Em dois setores do varejo de bens de consumo não duráveis há uma pequena reação, que decorre de ajuste de comportamentos: tanto do consumidor, como do comerciante.

Até 2014, com a abertura do mercado e o real sobrevalorizado, ou seja, o dólar "barato", o mercado brasileiro de vestuário foi invadido pelos produtos chineses mais baratos. O comércio não teve dúvidas. Passou a ampliar as vendas dos produtos "made in China", tanto os "ling-ling", como as suas marcas próprias. 
Ainda hoje nas grandes lojas de vestuário, como a Riachuelo, Renner e outros, o consumidor vai encontrar marcas brasileiras, mas se for ver a etiqueta encontrará lá um "made in China" ou "made in Vietnam" ou outro paises.
Os produtores brasileiros tiveram que rebaixar os seus preços para concorrer com os "importados". O que beneficiou o consumidor.
Com o ajuste cambial, tornando o dólar caro, os importados ficaram caro. Os produtores nacionais acharam que era o momento da desforra e a oportunidade de recuperar as perdas ou ganhos menores e aumentaram os seus preços. O resultado é que os consumidores se retrairam e adiaram ou deixaram de comprar. Foi onde a correia travou e a máquina passou a funcionar em ritmo mais lento.

Agora o clima está operando a favor e contra a retomada da economia. 

No setor de vestuário, as lojas tem que abrir espaços para os produtos voltados para o frio. Para reduzir os estoques passaram a sucessivas promoções. Que não tiveram grande efeito. Mas com a chegada antecipada e forte do frio, tanto comerciantes como consumidores ficaram sem grandes opções. Tem que ajustar o guarda-roupa. 

O consumidor que estava adiando as compras, das roupas de verão, achou que deveria aproveitar a oportunidade das liquidações.

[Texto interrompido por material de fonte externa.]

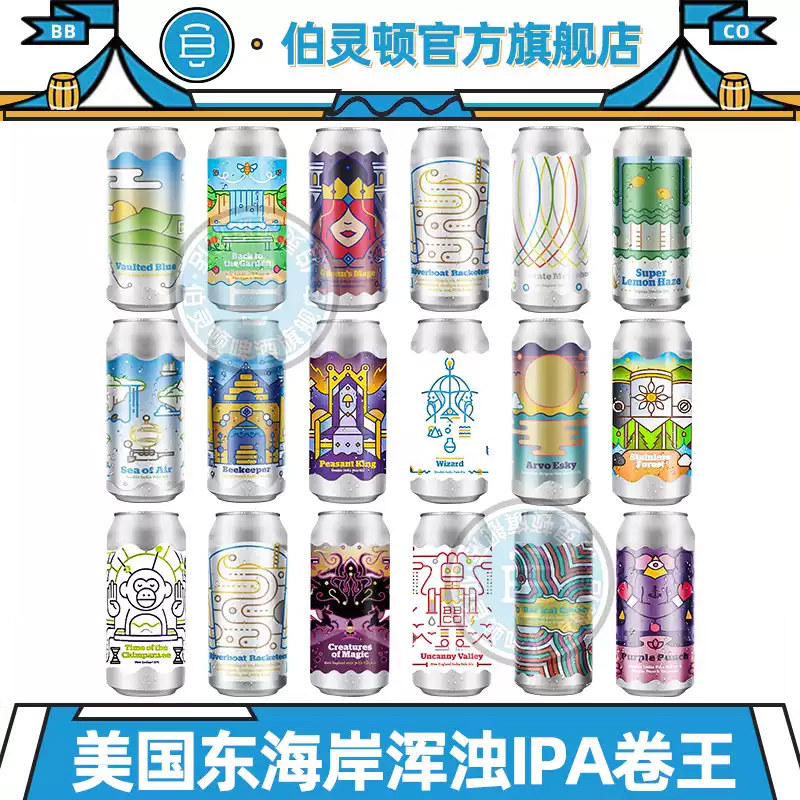 伯灵顿浑浊IPA精酿啤酒 布衣国王双倍/午后冰箱/超级柠檬美国进口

Outros já tiveram que fazer as compras das roupas de inverno. E com isso, houve um estancamento da queda de consumo de vestuário. Parou de cair. Mas não há ainda elementos suficientes para avaliar se é momentânea ou uma tendência. 

Por outro lado, a inflação dos alimentos que tendia a cair, pela sazonalidade, tem sido alimentada por situações atípicas de alguns produtos como o feijão e hortaliças. De uma parte pela seca, de outra pelo excesso de chuvas. 

Mas, tirando alguns produtos, a carestia estaria menor e o consumo geral de alimentos também interrompeu o processo de queda.

Num primeiro momento, essas circunstâncias estancam as demissões no comércio. Novas admissões só com a sua continuidade.

Já os bens de consumo durável, comprados - em geral - a prazo, continuam empacados. A maior parte dos consumidores não leva em conta os juros, mas o tamanho da prestação. Estas estão acima da sua percepção de capacidade de pagamento. A sensação, em função do tamanho das prestações, é que os produtos ainda estão caros. Se a necessidade não é emergencial, entendem que ainda não é o melhor momento.

O problema maior do consumo das pessoas não é a confiança, mas a sensação de carestia. O que, em muitos casos, não é apenas de sensação, porque o seu dinheiro não é suficiente para pagar as contas. E já se endividou demais. 

A retomada da economia depende da mudança dessa percepção por parte dos consumidores finais. Se "tá tudo muito caro", ainda não chegamos "ao fundo do poço".